Problem to work on:
Return the line containing "룰루레몬 와이드 팬츠 사이즈 4 ( S )" together with every later line up to the end of the records, exactly and with no pictures; return nothing else.

Data to examine:
────────

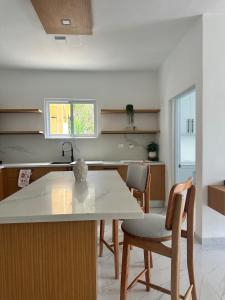 Veragua, modern apartment in a private area with pool, 10 mins from Cabarete
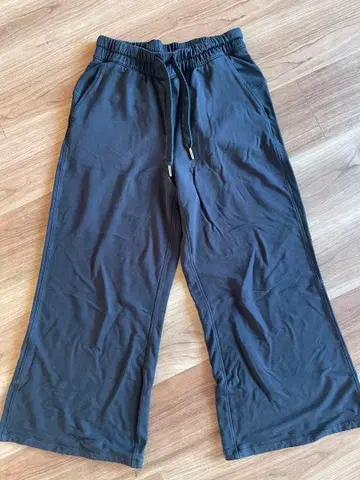 룰루레몬 와이드 팬츠 사이즈 4 ( S )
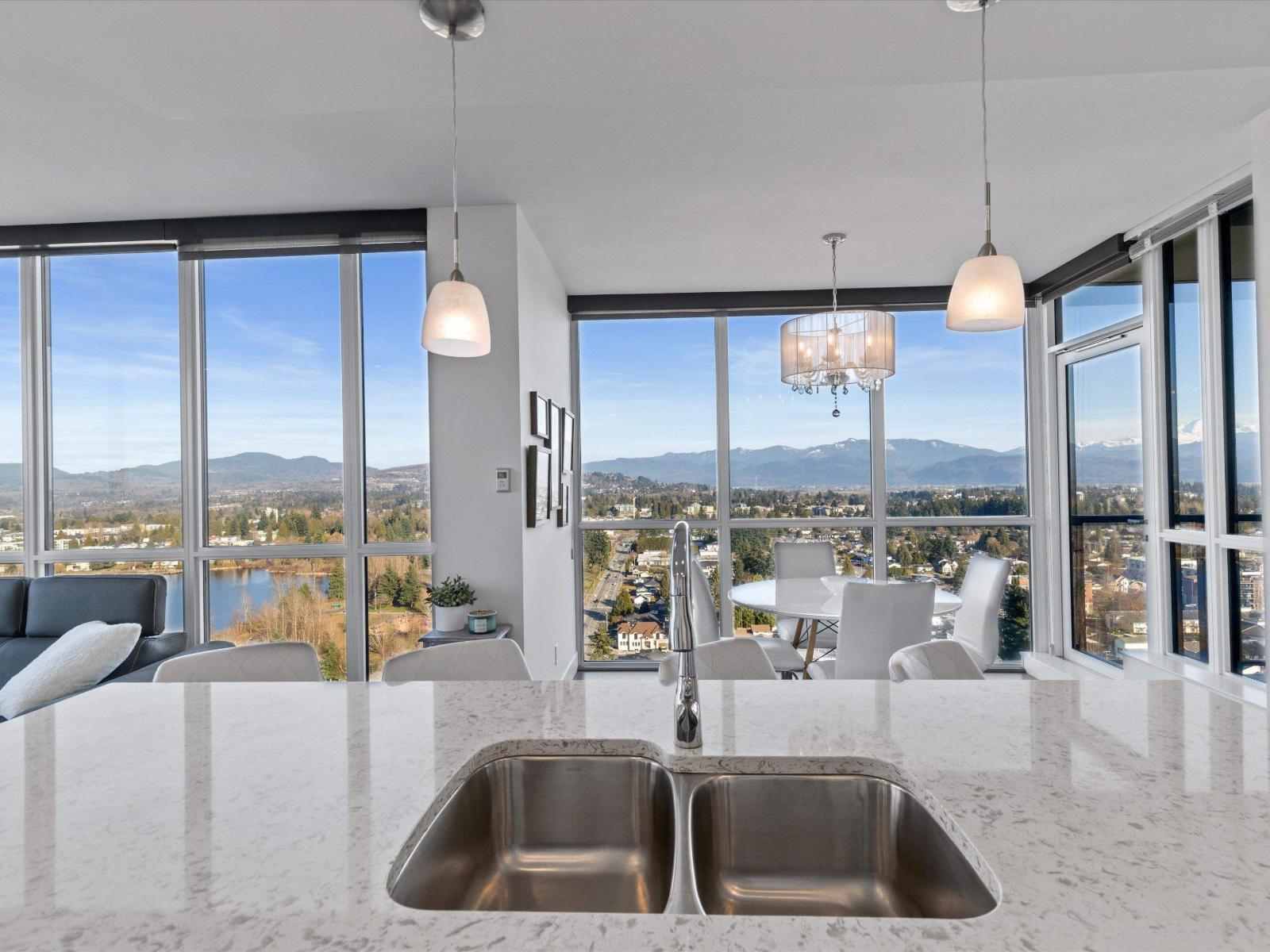 2304 2180 GLADWIN ROAD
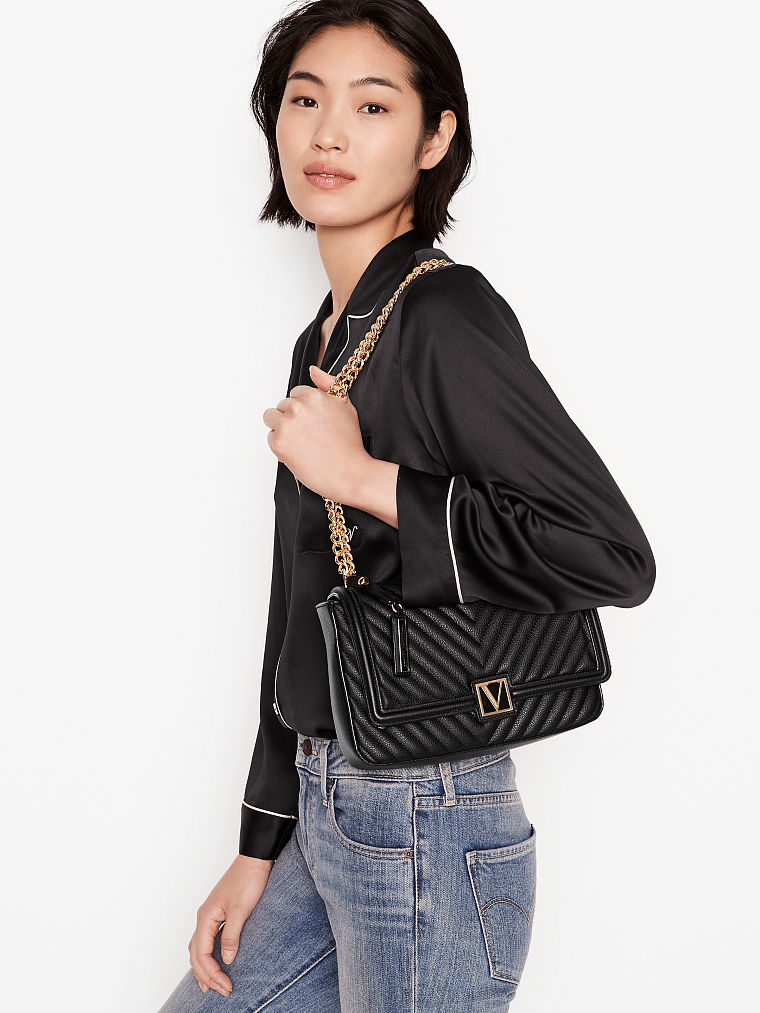 Medium shoulder sales bag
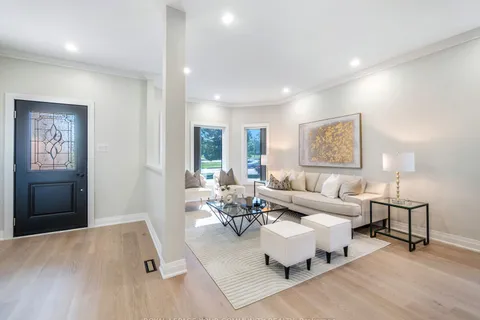 258 Livingstone Street, ON L4M 6N6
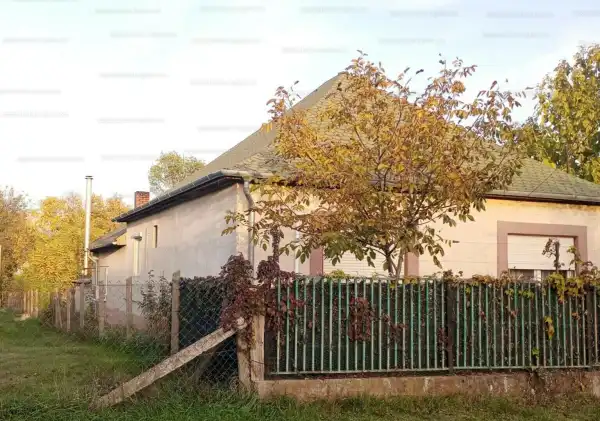 Eladó családi ház, Nagykarácsony 5 szoba 123 m² 18.8 M Ft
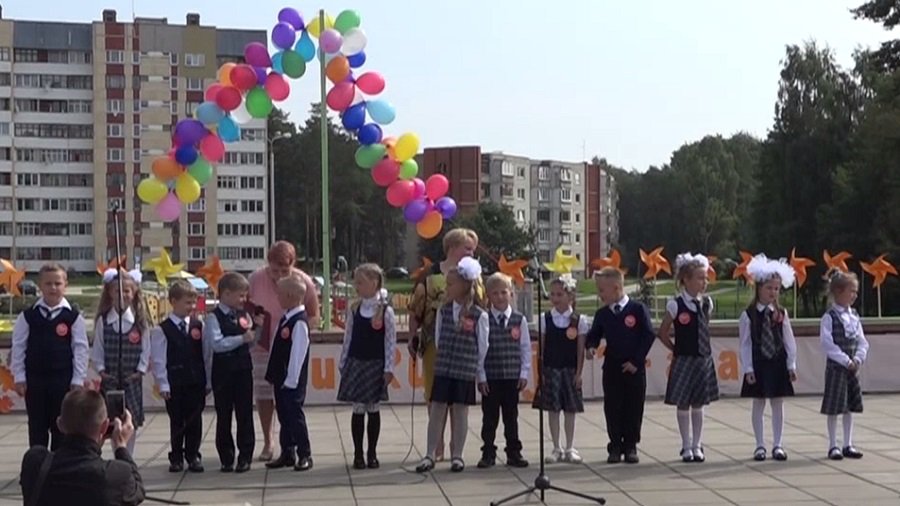 В школах и гимназиях Висагинаса прозвенели первые звонки (Видео) - В Висагинасе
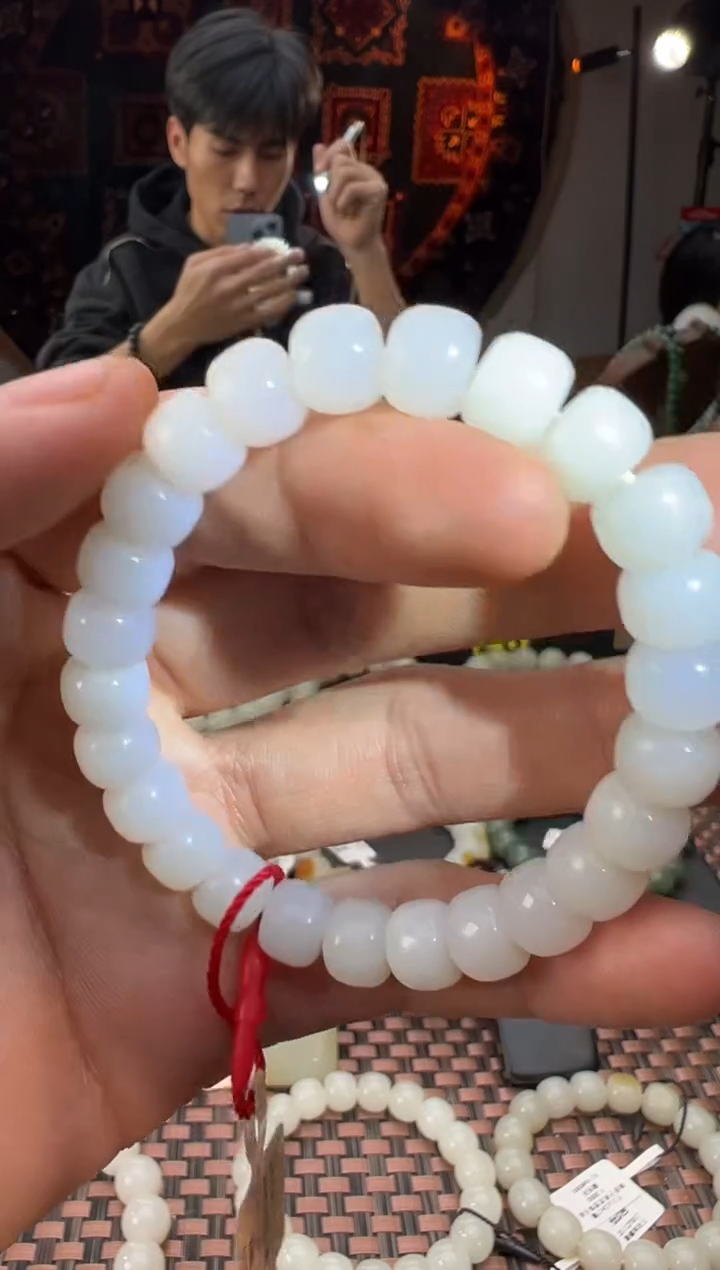 未镶嵌手串和田玉且末料天泰白玉算盘珠手串卡8*10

────────

Answer area:
 룰루레몬 와이드 팬츠 사이즈 4 ( S )
 2304 2180 GLADWIN ROAD
 Medium shoulder sales bag
 258 Livingstone Street, ON L4M 6N6
 Eladó családi ház, Nagykarácsony 5 szoba 123 m² 18.8 M Ft
 В школах и гимназиях Висагинаса прозвенели первые звонки (Видео) - В Висагинасе
 未镶嵌手串和田玉且末料天泰白玉算盘珠手串卡8*10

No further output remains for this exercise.